● **THE PROBLEM**: Every line from the one containing "Defacto D6405 Bej" through the last line below should be reproduced exactly; please include nothing else.

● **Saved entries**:
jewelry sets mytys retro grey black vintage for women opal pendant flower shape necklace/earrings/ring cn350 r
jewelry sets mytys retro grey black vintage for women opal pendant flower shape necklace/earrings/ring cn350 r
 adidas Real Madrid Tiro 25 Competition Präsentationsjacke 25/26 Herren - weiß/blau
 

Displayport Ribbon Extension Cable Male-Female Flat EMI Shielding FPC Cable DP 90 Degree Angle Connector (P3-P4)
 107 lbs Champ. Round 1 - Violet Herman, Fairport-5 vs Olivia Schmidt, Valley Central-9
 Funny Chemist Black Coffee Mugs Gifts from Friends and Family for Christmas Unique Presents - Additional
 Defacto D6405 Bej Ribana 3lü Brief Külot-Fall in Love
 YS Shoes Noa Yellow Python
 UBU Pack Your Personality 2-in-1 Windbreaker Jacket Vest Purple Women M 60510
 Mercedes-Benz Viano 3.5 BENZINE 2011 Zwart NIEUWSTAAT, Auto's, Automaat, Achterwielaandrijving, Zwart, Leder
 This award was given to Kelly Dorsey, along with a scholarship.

● **SOLUTION TO THIS EXERCISE**:
 Defacto D6405 Bej Ribana 3lü Brief Külot-Fall in Love
 YS Shoes Noa Yellow Python
 UBU Pack Your Personality 2-in-1 Windbreaker Jacket Vest Purple Women M 60510
 Mercedes-Benz Viano 3.5 BENZINE 2011 Zwart NIEUWSTAAT, Auto's, Automaat, Achterwielaandrijving, Zwart, Leder
 This award was given to Kelly Dorsey, along with a scholarship.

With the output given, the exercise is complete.